In the
third session of the lecture series, Pilar Mendoza presented her research under
the title “Colombian Exile as a Symbolic, Political, and Transitional
Space.” Drawing from work at the Colombian National Centre for Historical
Memory, Mendoza examined exile as a complex experience shaped by Colombia’s
decades-long armed conflict, collective trauma, and systemic racism – especially
against Indigenous and Afro-Colombian populations.
She
highlighted how the categories of exile, migration, and asylum blur together,
often deliberately manipulated by state policies to obscure international legal
responsibilities toward displaced persons. Although Colombia signed a peace
agreement in 2016 intended to end its internal armed conflict, the continued
movement out of the country reflects the failed implementation of the accord –
including unfulfilled guarantees of safety, justice, and social reintegration –
as well as the persistence of violence and structural inequality. For Mendoza,
exile is not merely a physical departure but a political and affective space:
one shaped by resistance, memory, and the ongoing reconstruction of identity.
The
presentation emphasized the crucial role of civil society, especially exiled
communities, in peacebuilding and historical memory. Mendoza traced how
community-based memory practices – often emerging on the margins – become
central to broader national conversations on truth, justice, and reconciliation.

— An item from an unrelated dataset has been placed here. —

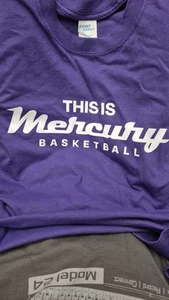 Phoenix MERCURY WNBA "NEW season opener" XL Shirt - Picture 1 of 1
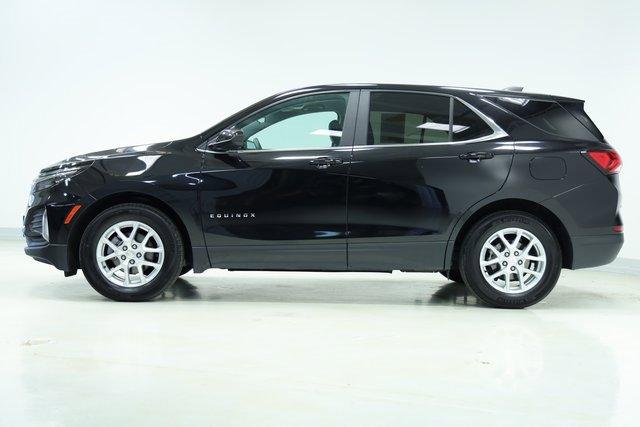 used 2023 Chevrolet Equinox car, priced at $17,990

She highlighted Colombia’s restorative justice model, which emphasizes symbolic
reparation and includes strong participation by Indigenous and Afro-Colombian
commissioners and magistrates.
Exile is
framed as a threshold experience – marked by rupture, dislocation, and
transformation – where individuals experience temporal dislocation and
identity transformation. Concepts like “insilio” (internal exile), desarraigo
(uprootedness), and circular time perceptions underscore the emotional and
ontological complexity of exile. Mendoza called for a decolonial approach
to peace and memory, recognizing the agency of marginalized communities and
their diverse worldviews, practices, and epistemologies.